YOUR INSTRUCTIONS: Print every record exactly, omitting all pictures.

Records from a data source

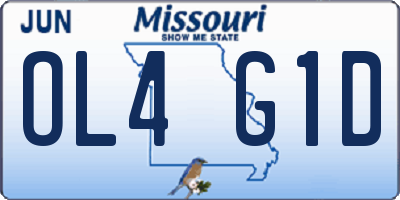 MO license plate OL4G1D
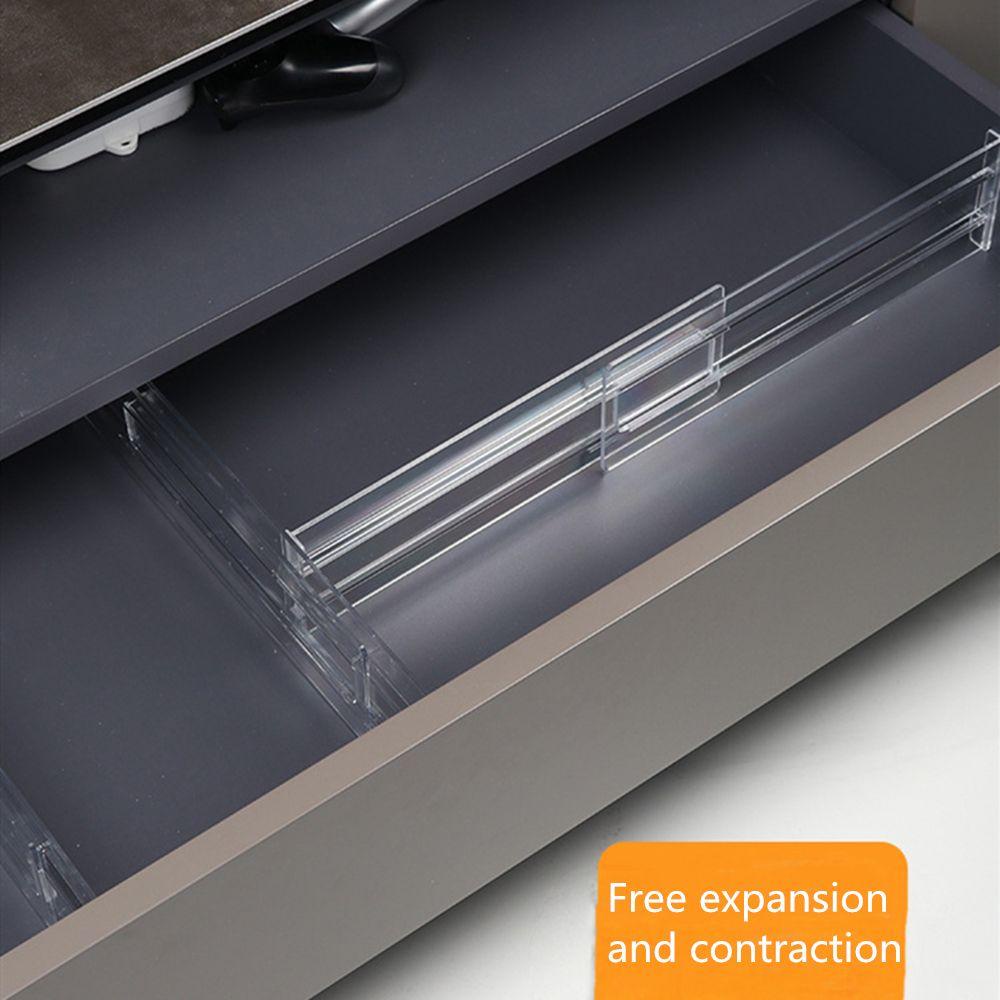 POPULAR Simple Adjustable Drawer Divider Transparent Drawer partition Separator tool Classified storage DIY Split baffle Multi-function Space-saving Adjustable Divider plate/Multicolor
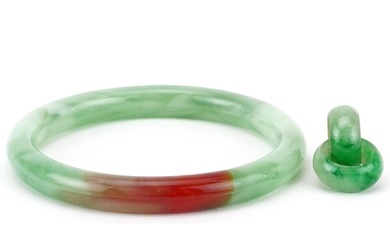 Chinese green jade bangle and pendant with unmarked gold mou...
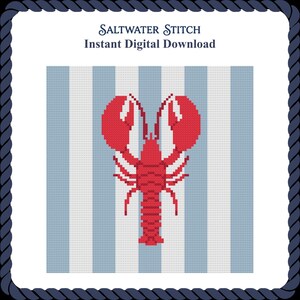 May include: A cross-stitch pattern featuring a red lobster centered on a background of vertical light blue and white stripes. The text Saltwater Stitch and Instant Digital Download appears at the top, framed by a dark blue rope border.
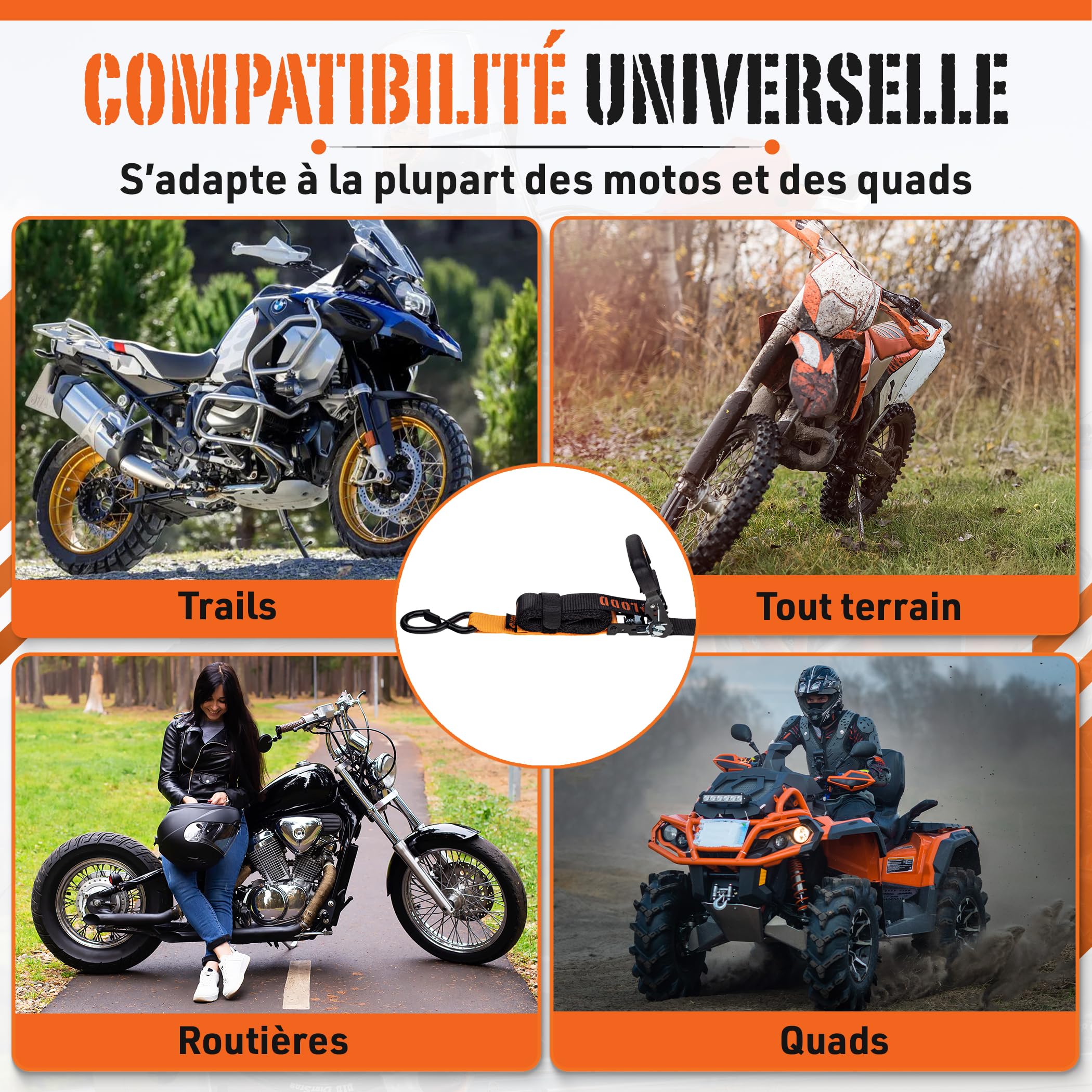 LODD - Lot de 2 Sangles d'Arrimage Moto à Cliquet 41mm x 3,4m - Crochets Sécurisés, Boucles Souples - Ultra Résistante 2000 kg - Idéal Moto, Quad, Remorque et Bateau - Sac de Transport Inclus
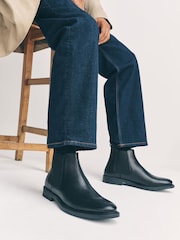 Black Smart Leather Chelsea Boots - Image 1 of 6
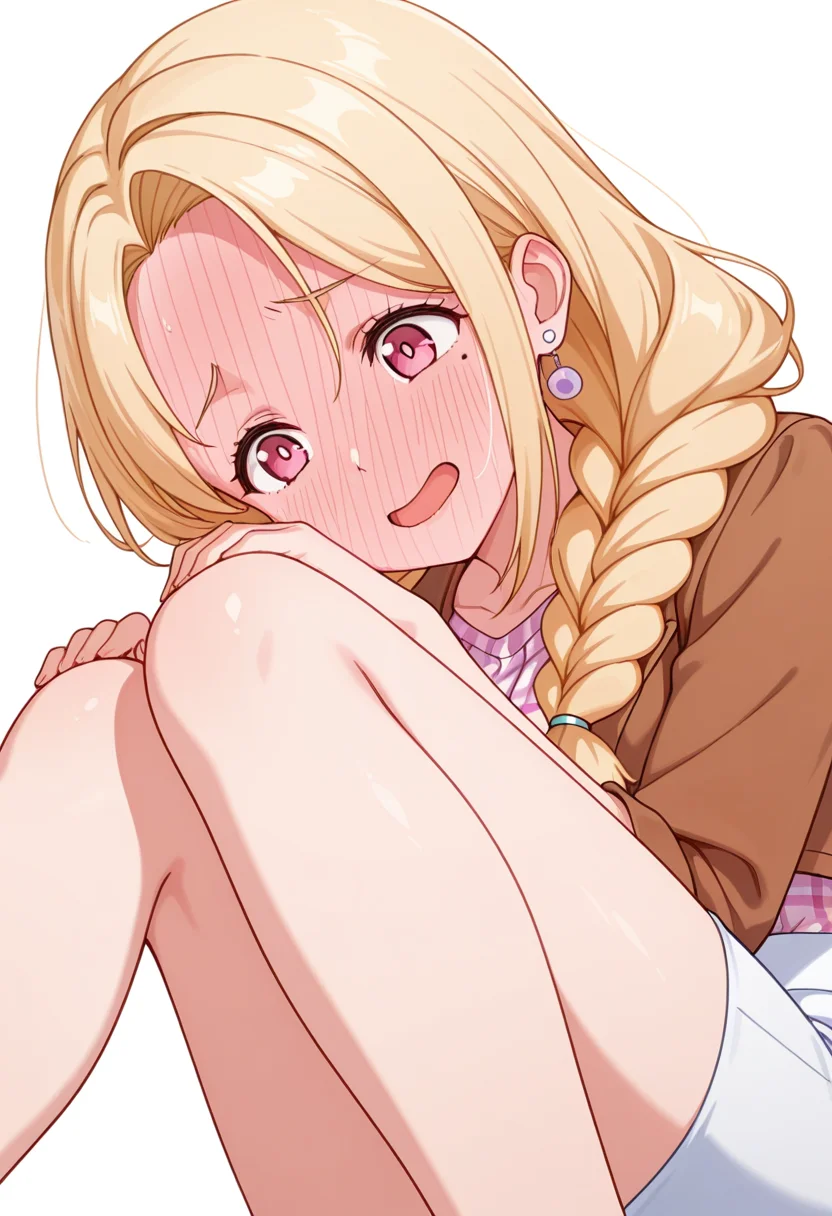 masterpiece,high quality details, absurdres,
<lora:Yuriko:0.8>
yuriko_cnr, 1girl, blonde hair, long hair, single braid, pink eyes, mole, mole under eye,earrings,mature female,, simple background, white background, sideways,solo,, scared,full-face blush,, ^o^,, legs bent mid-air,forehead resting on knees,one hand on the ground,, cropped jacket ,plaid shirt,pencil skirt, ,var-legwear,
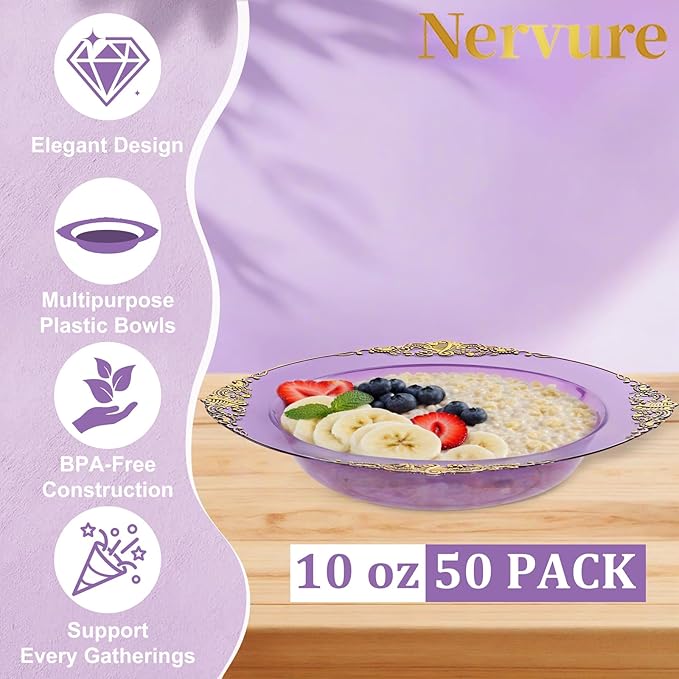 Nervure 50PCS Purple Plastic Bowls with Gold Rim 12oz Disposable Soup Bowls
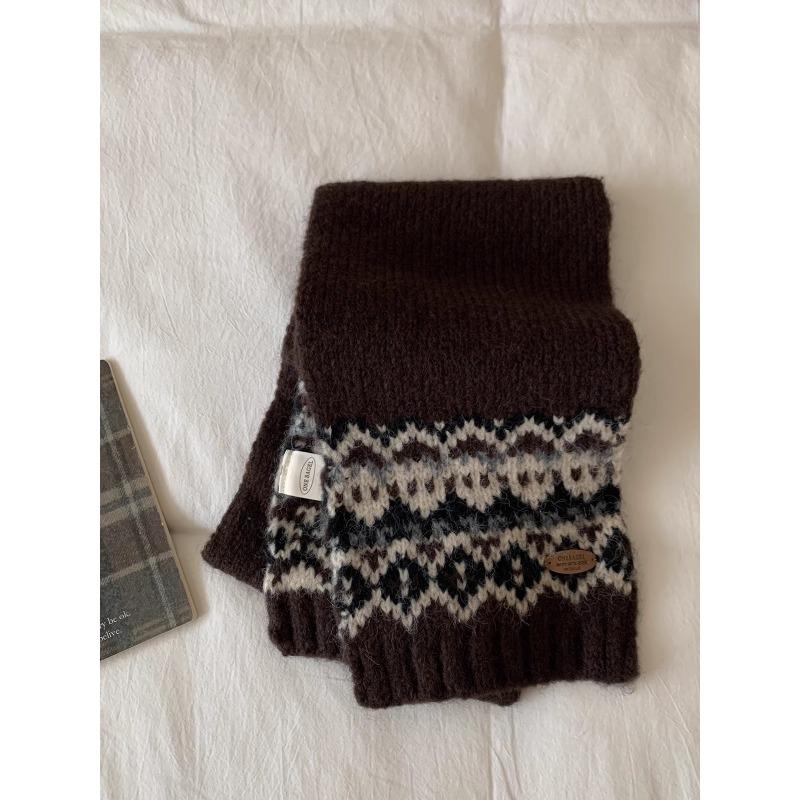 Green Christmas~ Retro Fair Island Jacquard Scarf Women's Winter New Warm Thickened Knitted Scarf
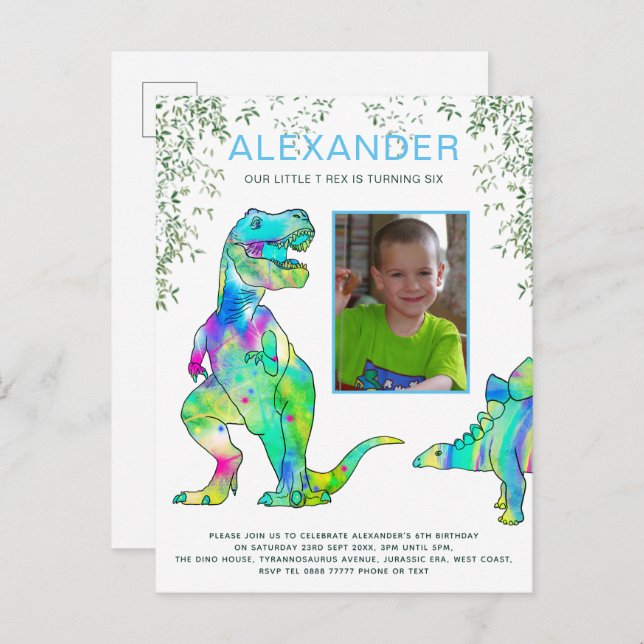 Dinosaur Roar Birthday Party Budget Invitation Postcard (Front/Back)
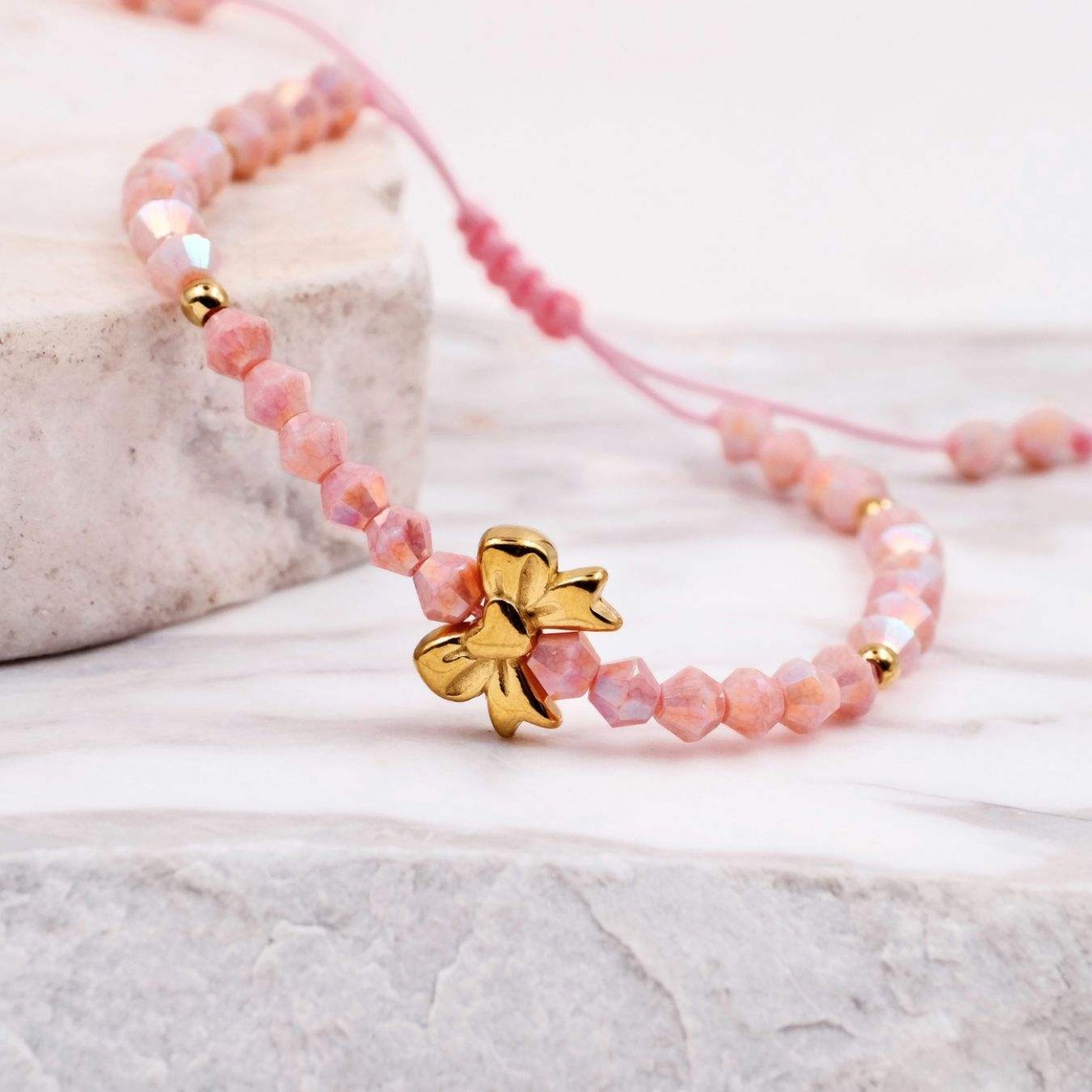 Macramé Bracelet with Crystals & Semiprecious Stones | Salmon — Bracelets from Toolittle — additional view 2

RESULT OF THE EXERCISE:
 MO license plate OL4G1D
 POPULAR Simple Adjustable Drawer Divider Transparent Drawer partition Separator tool Classified storage DIY Split baffle Multi-function Space-saving Adjustable Divider plate/Multicolor
 Chinese green jade bangle and pendant with unmarked gold mou...
 May include: A cross-stitch pattern featuring a red lobster centered on a background of vertical light blue and white stripes. The text Saltwater Stitch and Instant Digital Download appears at the top, framed by a dark blue rope border.
 LODD - Lot de 2 Sangles d'Arrimage Moto à Cliquet 41mm x 3,4m - Crochets Sécurisés, Boucles Souples - Ultra Résistante 2000 kg - Idéal Moto, Quad, Remorque et Bateau - Sac de Transport Inclus
 Black Smart Leather Chelsea Boots - Image 1 of 6
 masterpiece,high quality details, absurdres,
<lora:Yuriko:0.8>
yuriko_cnr, 1girl, blonde hair, long hair, single braid, pink eyes, mole, mole under eye,earrings,mature female,, simple background, white background, sideways,solo,, scared,full-face blush,, ^o^,, legs bent mid-air,forehead resting on knees,one hand on the ground,, cropped jacket ,plaid shirt,pencil skirt, ,var-legwear,
 Nervure 50PCS Purple Plastic Bowls with Gold Rim 12oz Disposable Soup Bowls
 Green Christmas~ Retro Fair Island Jacquard Scarf Women's Winter New Warm Thickened Knitted Scarf
 Dinosaur Roar Birthday Party Budget Invitation Postcard (Front/Back)
 Macramé Bracelet with Crystals & Semiprecious Stones | Salmon — Bracelets from Toolittle — additional view 2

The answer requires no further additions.